Look in the material below for the line holding "So in a nutshell, that's". Set it down exactly, with each later line up to and including the line holding "Hello class. In".

## TASK INPUTS

● ● ●

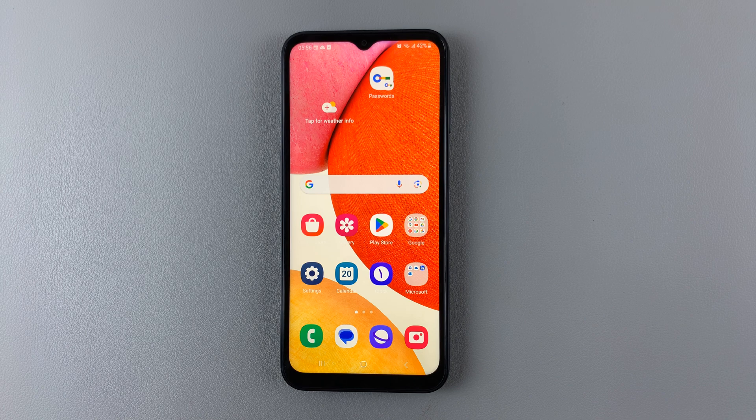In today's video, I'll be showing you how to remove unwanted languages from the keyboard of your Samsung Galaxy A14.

● ● ●

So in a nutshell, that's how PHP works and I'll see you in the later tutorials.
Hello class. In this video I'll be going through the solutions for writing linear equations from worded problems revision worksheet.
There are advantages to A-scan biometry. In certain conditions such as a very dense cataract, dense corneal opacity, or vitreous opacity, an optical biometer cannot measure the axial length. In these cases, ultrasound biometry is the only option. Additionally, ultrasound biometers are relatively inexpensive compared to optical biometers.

● ● ●

## REPLY TO THE TASK
So in a nutshell, that's how PHP works and I'll see you in the later tutorials.
Hello class. In this video I'll be going through the solutions for writing linear equations from worded problems revision worksheet.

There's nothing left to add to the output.